-- Input follows --

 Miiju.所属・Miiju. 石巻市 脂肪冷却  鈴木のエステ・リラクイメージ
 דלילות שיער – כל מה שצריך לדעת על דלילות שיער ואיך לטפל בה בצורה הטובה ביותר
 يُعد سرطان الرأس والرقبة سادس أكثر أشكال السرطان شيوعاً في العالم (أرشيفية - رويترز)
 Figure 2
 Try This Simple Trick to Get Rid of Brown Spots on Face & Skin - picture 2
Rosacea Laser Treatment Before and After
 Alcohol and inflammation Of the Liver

-- Input concluded --
-- Input follows --

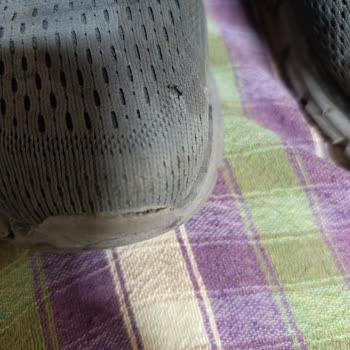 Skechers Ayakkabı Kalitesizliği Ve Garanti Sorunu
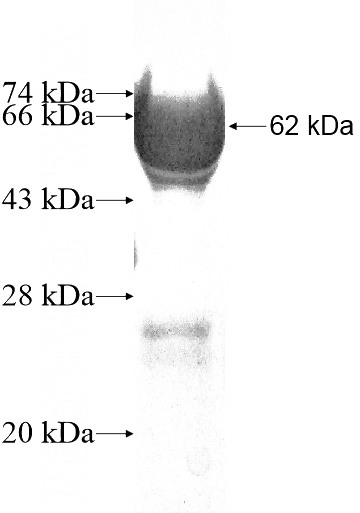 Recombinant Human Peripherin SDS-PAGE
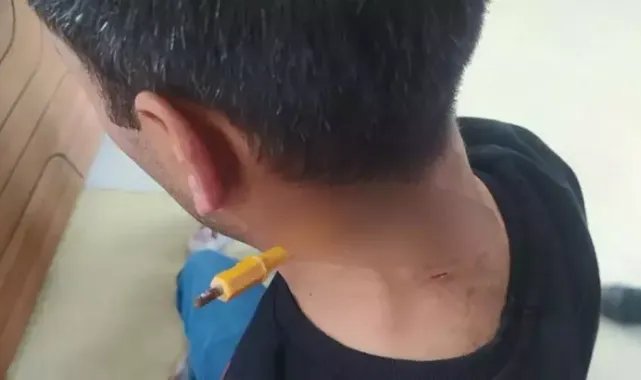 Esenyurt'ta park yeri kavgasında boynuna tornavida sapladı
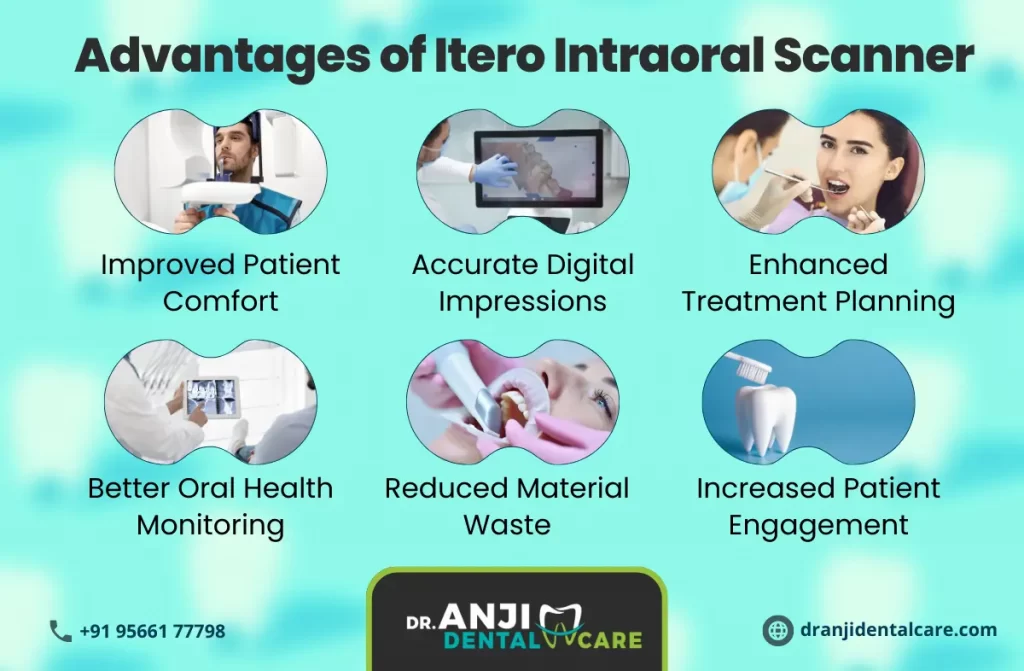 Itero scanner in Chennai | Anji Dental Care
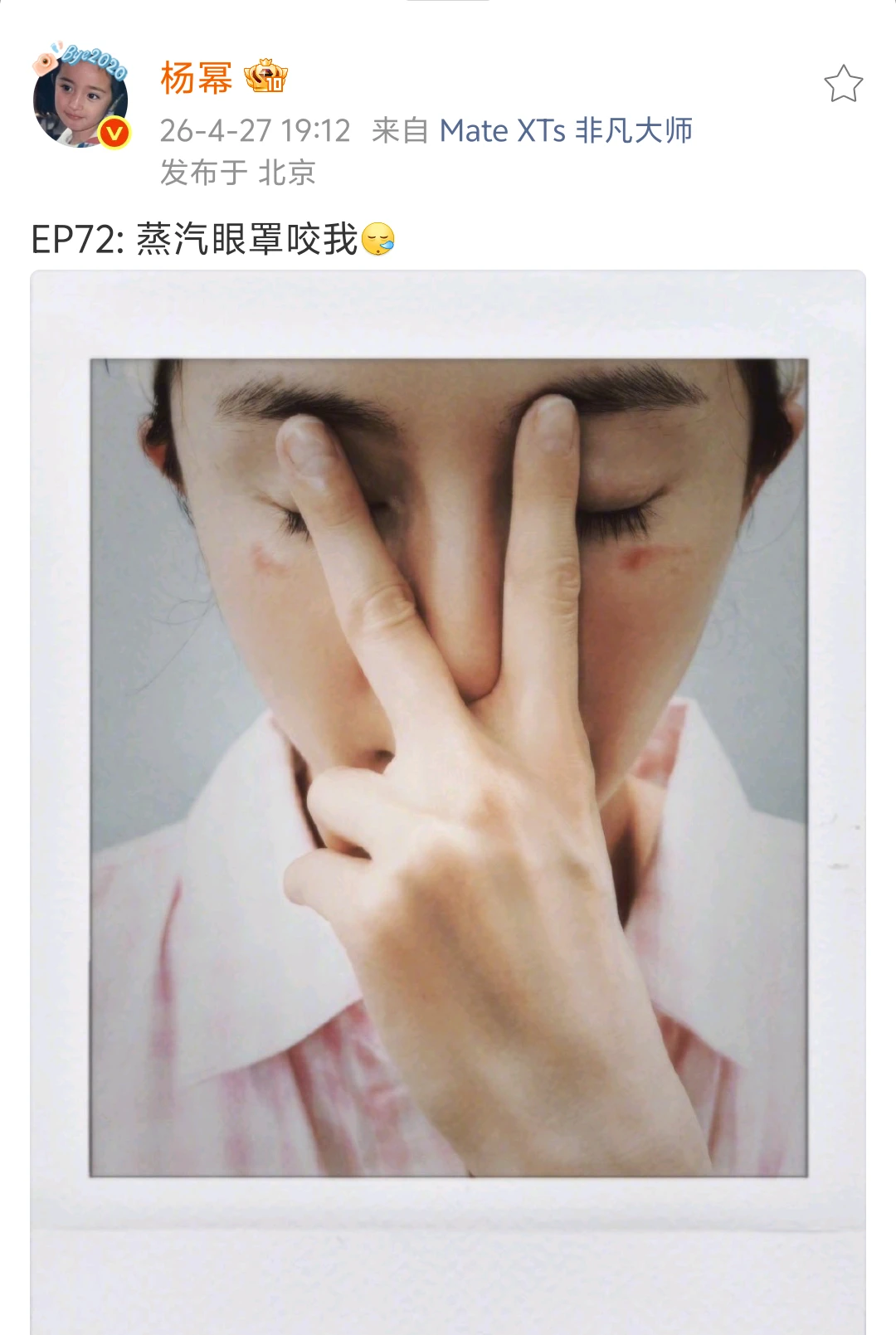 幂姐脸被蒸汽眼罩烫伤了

-- Input concluded --

Exercise aim
Pictures aside, print exactly the lines above starting with the one containing "Skechers Ayakkabı Kalitesizliği" and going on through the one containing "幂姐脸被蒸汽眼罩烫伤了".

Answer for the task
 Skechers Ayakkabı Kalitesizliği Ve Garanti Sorunu
 Recombinant Human Peripherin SDS-PAGE
 Esenyurt'ta park yeri kavgasında boynuna tornavida sapladı
 Itero scanner in Chennai | Anji Dental Care
 幂姐脸被蒸汽眼罩烫伤了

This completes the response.